▶ INSTRUCTIONS FOR THE TASK
Only lines containing the string "Care" belong in the answer; copy all of them from the entries.

▶ RECORDS SHOWN
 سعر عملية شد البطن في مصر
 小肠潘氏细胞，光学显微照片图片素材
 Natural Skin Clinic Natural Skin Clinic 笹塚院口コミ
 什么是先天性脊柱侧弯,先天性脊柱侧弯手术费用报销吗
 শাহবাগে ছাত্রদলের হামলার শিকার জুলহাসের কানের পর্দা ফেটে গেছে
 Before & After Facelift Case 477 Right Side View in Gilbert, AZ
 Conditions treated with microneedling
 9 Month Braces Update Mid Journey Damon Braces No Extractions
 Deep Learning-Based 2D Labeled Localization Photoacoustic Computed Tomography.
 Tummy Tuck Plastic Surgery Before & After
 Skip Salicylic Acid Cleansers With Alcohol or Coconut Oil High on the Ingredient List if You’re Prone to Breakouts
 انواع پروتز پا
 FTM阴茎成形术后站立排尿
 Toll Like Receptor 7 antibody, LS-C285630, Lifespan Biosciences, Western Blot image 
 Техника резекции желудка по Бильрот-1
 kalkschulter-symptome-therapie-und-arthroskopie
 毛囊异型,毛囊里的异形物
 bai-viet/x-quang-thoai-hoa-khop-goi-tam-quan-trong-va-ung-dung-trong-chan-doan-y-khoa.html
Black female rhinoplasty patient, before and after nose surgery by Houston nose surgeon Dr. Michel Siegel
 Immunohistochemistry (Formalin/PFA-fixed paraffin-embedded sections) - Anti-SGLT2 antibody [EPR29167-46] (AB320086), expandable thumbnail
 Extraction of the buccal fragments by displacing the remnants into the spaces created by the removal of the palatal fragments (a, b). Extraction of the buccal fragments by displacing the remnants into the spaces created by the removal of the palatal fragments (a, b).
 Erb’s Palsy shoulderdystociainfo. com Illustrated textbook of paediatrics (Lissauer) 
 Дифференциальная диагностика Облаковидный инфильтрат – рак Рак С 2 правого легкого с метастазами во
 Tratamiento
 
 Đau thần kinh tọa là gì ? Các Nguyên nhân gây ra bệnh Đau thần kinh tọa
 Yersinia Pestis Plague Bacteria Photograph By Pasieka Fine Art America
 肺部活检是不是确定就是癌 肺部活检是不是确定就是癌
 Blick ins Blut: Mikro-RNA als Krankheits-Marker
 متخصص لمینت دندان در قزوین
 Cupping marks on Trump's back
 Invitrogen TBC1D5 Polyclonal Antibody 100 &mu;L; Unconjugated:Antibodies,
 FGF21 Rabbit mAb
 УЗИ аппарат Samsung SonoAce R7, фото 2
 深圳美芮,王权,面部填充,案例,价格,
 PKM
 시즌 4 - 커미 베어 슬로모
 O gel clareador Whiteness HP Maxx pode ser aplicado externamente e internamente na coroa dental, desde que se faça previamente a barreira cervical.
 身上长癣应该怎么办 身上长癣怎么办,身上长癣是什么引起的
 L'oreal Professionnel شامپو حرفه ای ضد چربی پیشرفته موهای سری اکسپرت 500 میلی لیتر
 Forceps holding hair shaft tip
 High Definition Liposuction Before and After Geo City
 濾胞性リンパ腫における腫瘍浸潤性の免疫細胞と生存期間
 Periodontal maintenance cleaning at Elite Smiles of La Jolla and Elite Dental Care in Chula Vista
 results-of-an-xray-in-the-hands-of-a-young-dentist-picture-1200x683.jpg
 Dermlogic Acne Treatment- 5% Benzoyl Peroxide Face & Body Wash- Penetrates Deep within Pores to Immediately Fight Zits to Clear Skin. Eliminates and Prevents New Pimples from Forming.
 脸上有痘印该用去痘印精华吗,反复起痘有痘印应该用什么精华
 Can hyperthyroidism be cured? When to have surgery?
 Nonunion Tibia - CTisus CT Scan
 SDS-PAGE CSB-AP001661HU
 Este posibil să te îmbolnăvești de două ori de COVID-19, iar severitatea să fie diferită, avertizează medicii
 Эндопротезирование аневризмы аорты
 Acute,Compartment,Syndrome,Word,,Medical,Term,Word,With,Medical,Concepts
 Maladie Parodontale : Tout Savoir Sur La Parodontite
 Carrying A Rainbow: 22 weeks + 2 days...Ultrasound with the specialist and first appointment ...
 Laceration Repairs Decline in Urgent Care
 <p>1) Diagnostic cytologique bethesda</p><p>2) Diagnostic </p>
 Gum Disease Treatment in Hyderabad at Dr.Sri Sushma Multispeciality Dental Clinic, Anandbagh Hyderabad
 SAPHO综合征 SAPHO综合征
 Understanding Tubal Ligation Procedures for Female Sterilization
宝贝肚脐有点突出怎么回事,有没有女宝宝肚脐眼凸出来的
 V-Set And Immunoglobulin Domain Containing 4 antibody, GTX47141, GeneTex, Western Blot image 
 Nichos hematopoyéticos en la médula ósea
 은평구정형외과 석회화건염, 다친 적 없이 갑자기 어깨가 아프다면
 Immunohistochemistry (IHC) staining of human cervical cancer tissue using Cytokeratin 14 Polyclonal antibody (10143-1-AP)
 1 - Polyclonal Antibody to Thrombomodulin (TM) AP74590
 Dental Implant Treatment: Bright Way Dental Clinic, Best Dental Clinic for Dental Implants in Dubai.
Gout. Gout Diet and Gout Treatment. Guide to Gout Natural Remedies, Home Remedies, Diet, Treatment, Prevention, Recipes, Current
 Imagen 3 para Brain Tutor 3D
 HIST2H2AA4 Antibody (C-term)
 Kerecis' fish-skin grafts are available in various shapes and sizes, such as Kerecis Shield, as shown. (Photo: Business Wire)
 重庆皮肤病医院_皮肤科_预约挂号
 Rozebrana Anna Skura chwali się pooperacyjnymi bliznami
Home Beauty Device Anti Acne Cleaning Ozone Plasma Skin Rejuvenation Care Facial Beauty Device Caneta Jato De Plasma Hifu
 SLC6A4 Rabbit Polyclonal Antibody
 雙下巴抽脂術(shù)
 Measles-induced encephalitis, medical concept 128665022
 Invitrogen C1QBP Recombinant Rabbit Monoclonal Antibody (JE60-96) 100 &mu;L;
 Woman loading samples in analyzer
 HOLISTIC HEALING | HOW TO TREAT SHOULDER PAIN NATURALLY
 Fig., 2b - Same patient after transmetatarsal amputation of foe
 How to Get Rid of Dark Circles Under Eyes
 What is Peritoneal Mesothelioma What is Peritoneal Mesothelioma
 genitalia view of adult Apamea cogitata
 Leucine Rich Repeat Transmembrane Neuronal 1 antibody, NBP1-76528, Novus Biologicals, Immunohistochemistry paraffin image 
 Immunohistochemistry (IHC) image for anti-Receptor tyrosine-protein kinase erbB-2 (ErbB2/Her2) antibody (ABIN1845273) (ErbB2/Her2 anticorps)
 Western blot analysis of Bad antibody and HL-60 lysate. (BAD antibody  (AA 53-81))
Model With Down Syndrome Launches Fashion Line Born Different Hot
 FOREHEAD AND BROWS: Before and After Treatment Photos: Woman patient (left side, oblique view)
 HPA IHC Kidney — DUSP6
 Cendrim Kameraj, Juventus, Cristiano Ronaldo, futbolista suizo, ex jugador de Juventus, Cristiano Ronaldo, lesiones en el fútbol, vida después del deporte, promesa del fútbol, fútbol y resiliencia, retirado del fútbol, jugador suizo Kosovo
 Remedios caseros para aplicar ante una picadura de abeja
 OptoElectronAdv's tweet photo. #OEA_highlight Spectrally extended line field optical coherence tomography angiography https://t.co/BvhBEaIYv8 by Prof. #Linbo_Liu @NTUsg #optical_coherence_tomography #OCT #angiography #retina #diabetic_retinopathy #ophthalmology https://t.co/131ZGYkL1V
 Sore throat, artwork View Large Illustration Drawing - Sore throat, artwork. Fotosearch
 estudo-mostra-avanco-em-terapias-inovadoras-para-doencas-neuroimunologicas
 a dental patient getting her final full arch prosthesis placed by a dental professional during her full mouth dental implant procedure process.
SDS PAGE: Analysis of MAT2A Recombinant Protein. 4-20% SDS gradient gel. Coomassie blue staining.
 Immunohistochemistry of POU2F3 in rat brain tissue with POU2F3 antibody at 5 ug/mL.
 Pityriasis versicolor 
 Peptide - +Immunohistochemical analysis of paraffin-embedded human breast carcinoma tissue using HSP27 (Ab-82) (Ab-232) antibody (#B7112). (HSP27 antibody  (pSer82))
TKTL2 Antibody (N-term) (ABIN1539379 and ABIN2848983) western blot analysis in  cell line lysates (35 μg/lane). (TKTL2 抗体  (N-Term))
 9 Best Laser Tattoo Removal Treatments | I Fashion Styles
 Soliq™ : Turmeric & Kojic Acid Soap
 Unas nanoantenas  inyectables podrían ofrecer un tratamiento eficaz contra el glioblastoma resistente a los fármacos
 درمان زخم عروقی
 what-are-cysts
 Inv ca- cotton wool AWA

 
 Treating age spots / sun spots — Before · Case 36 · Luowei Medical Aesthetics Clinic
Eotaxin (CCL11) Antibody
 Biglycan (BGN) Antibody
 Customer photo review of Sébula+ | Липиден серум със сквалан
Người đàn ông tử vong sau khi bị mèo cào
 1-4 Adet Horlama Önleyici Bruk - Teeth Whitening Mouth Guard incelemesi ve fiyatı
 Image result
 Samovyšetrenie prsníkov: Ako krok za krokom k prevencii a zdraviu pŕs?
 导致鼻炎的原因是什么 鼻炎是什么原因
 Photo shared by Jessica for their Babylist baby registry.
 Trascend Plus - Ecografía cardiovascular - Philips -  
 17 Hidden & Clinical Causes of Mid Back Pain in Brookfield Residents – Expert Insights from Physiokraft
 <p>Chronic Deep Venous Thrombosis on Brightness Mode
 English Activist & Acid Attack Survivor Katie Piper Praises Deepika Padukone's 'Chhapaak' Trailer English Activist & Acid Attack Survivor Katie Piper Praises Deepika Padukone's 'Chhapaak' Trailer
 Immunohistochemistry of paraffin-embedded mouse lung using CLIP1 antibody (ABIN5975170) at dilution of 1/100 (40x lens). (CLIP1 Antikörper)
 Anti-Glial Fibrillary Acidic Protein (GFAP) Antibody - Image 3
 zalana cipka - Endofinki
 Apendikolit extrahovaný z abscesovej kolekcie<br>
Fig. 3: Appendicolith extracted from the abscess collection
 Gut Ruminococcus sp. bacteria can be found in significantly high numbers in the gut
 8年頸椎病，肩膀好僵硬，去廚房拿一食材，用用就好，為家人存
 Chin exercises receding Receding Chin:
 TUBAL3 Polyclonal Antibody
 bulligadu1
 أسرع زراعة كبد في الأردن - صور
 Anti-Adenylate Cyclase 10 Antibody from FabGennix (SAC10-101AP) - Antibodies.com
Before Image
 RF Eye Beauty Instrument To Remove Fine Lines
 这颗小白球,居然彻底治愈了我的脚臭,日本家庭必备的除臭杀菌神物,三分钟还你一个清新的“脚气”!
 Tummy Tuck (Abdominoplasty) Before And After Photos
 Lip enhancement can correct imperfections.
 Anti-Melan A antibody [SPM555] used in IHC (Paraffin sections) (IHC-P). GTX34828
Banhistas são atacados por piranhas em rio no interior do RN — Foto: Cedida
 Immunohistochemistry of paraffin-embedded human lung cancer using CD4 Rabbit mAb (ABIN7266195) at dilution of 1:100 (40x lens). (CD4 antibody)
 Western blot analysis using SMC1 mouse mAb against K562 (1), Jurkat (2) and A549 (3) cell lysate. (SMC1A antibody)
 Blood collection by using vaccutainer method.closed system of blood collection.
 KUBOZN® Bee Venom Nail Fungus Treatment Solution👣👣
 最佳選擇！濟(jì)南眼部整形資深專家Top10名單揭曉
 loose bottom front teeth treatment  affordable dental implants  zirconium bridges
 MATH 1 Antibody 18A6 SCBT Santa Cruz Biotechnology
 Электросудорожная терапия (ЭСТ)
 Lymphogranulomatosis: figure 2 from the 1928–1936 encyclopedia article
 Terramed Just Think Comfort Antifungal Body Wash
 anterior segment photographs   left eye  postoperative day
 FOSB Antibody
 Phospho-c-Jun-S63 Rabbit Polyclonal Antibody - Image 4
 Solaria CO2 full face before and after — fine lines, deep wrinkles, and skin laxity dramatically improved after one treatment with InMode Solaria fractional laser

▶ WRITTEN RESPONSE
 Periodontal maintenance cleaning at Elite Smiles of La Jolla and Elite Dental Care in Chula Vista
 Laceration Repairs Decline in Urgent Care
Home Beauty Device Anti Acne Cleaning Ozone Plasma Skin Rejuvenation Care Facial Beauty Device Caneta Jato De Plasma Hifu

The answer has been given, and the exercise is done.